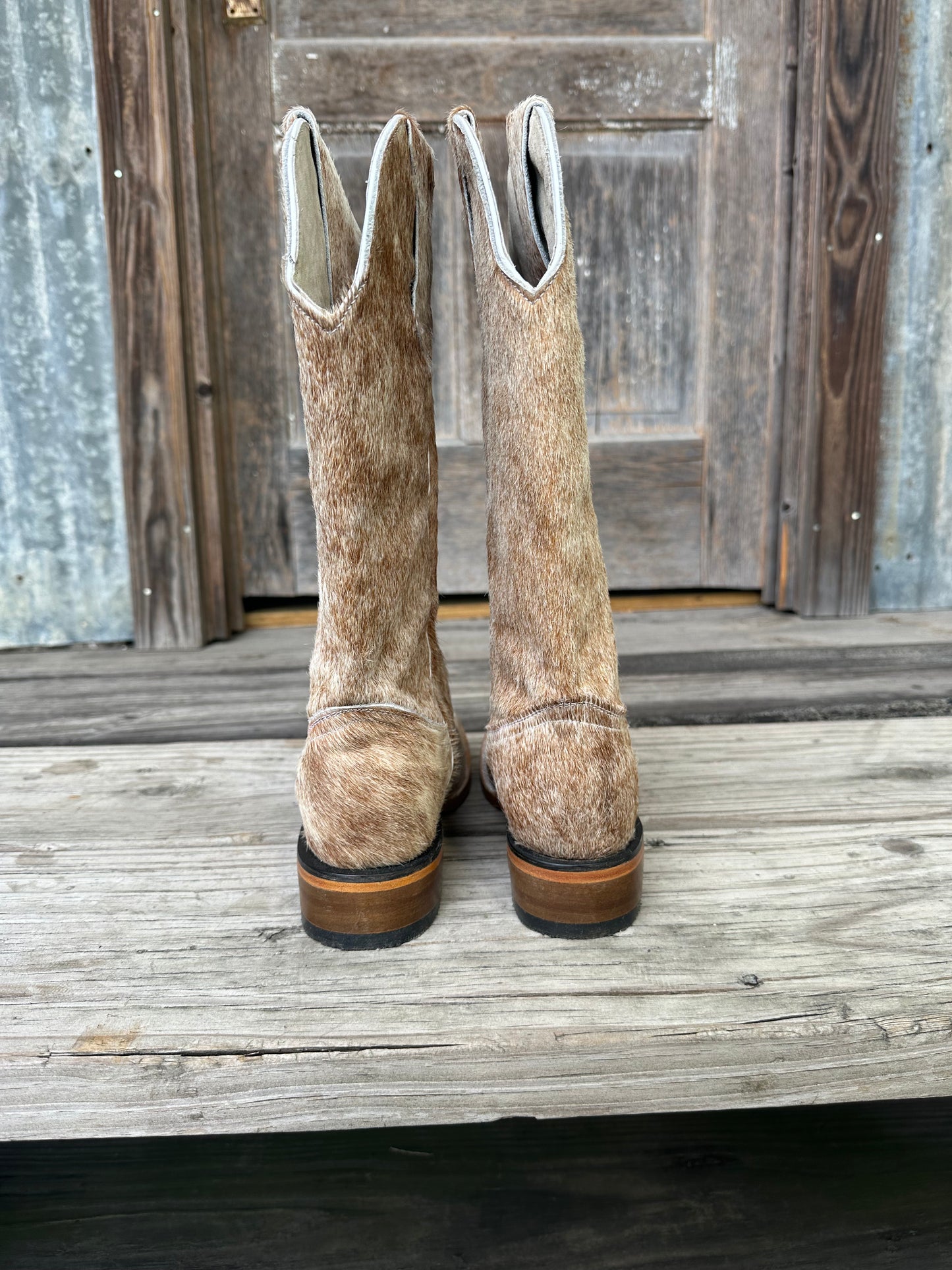 Tan/Light Brindle Boots Size: 7.5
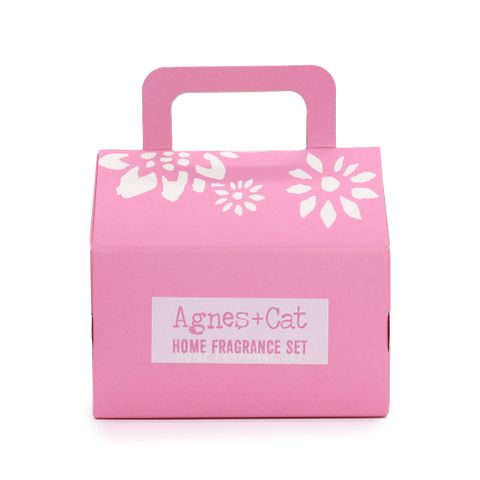 Agnes & Cat Fragrance Gift Set in pink, featuring an oil burner and wax melts for a delightful tea and roses aroma.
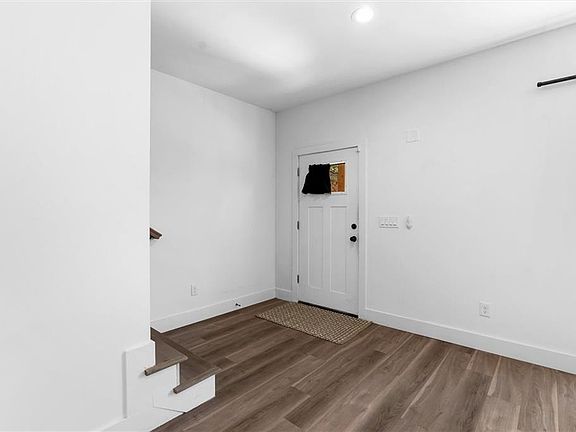 3rd image of 598 Formwalt St SW #A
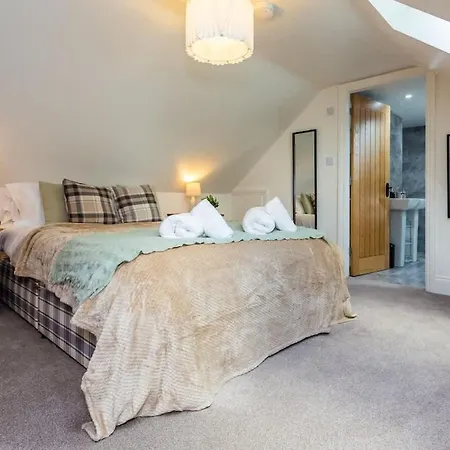 Idyllic Retreat With Log Burner Near Castle Danby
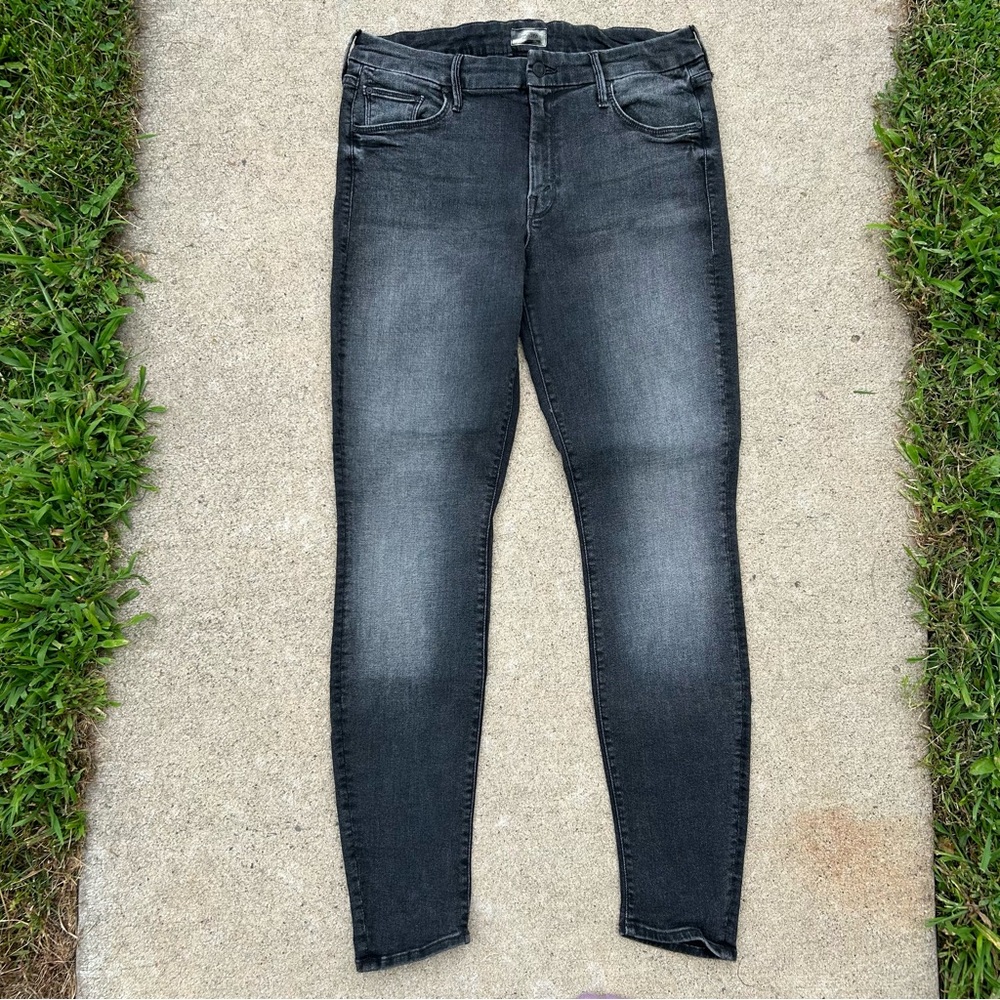 Mother dark wash skinny jeans size 32
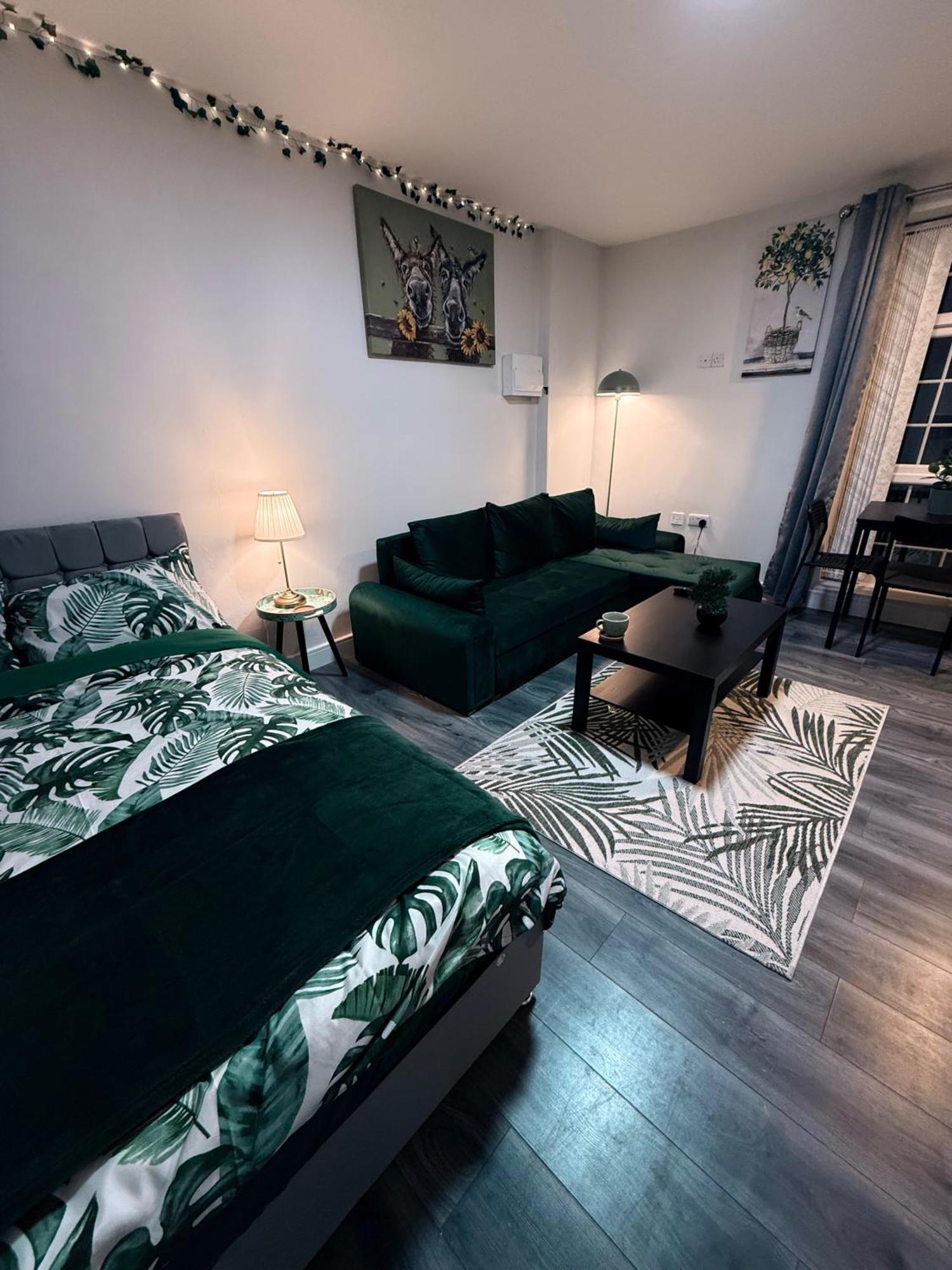 Serene Garden Centre Apartment Birmingham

◇ ◇ ◇ ◇ ◇

Assignment: To answer, repeat exactly the lines from the line containing "Mother dark wash skinny jeans size 32" through the last line of the data above, leaving out all pictures.

Response below:
 Mother dark wash skinny jeans size 32
 Serene Garden Centre Apartment Birmingham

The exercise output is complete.